It’s more than a touch ironic that conservatives today who want to hold on to tradition in a good sense of the word are vilified as those who “bicker” and “nit-pick.” Some cannot fathom why people want to hold on to something or someone who, to their mind, is passé. It is precisely this mindset that causes Oden to inquire whether newer truly means better.[8] He suggests a game to us where we can (unscientifically) measure how words such as “new” or “change” can function like “potent magic words.”[9] Oden asks us to “count the number of times new and good are used as synonyms” in modern parlance.[10] The insidious nature of language can very well be that it is “silently assumed that new = good, change = improvement.”[11]

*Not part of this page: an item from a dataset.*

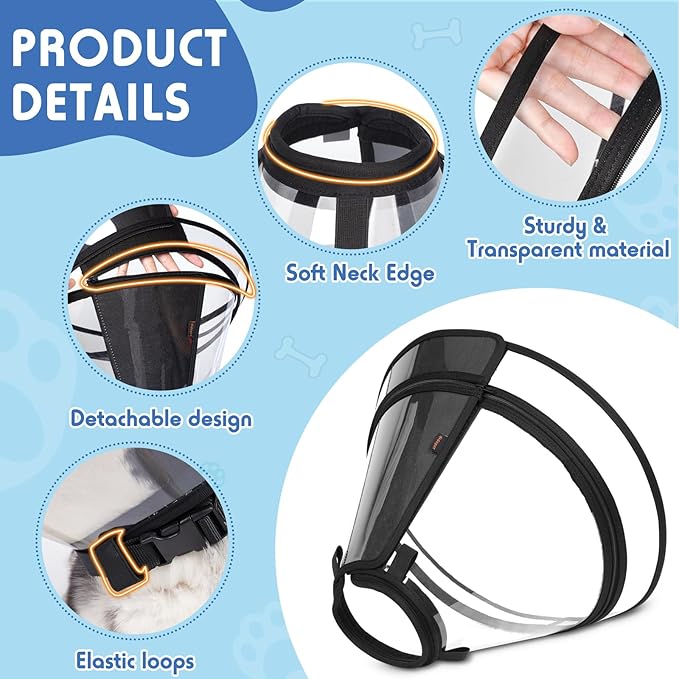 Dog Cone, Transparent Recovery Collar for Giant Breeds, E Collar After Surgery to Stop Licking, Depth Adjustable Soft Cone Not Block Vision Patented (XXL)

He adds that “Some conversants will use the magic words incessantly, sprinkling them generously into nearly every reference. Others use the magic words somewhat as a kid uses body torque while playing pinball, as if to persuade the ball to go a certain way without lighting up the ‘tilt’ sign.”[12] Egregious offenders are, according to Oden, academics who “prefer more sophisticated synonyms, such as emergent, innovative, revolutionary, or metamorphosis. Here’s his point: “Anything that looks ‘old hat’ or ‘antiquated’ or ‘rigid’ or ‘traditional’ will be subtly linked implicitly with evils to be avoided, vicious repressions that hold us down, powers of darkness. The adjective abound—all with a stale smell: paleo-anything, medieval, obsolete, senile, elderly, bygone, extinct.”[13]
This is what Leith is describing that took place in the PCUSA and it continues today. There is tremendous pressure to be “hip,” “out there,” and “cutting edge,” all the while forgetting what value tradition has both in society as well as in individual lives; in the academy, the Church, and the pew. In the past, Leith explains, the PCUSA used textbooks written by Turretin, Charles Hodge, and others, but all with the approbation of the Presbyterian Church.[14] That is no longer the case, not only in the rapidly sinking PCUSA, but you’d be very hard pressed to find any seminary that takes this approach anymore. In the case of tradition, Leith is adamant that “Tradition is more than theology. It is also ethos, practice, and life.”[15] Very interesting point. Certainly one worth pondering.
He also raises another valid consideration regarding books and modern books. I’ll begin with the latter. When I sit down and read a book, for example, coming from the Emergent tribe—McLaren, Miller, Lamott, Chalke, Bell, and others—they are easy reads; simplistic to the point of being simpleminded. Lamott is a joke and Miller isn’t far behind. When I read Blue Like Jazz I felt like I was reading the mind-numbed meanderings of a teenie-bopper with zits. Bell and Zondervan should both be taken to task for wasting our trees in printing such a vapid book. If Zondervan had reduced the triple spacing and all the blank colorful pages the book could have been reduced to two to three pages and then you still wouldn’t have anything of substance to read. In short, these are contemporary works that will best be used again if you have a short leg on one of your tables.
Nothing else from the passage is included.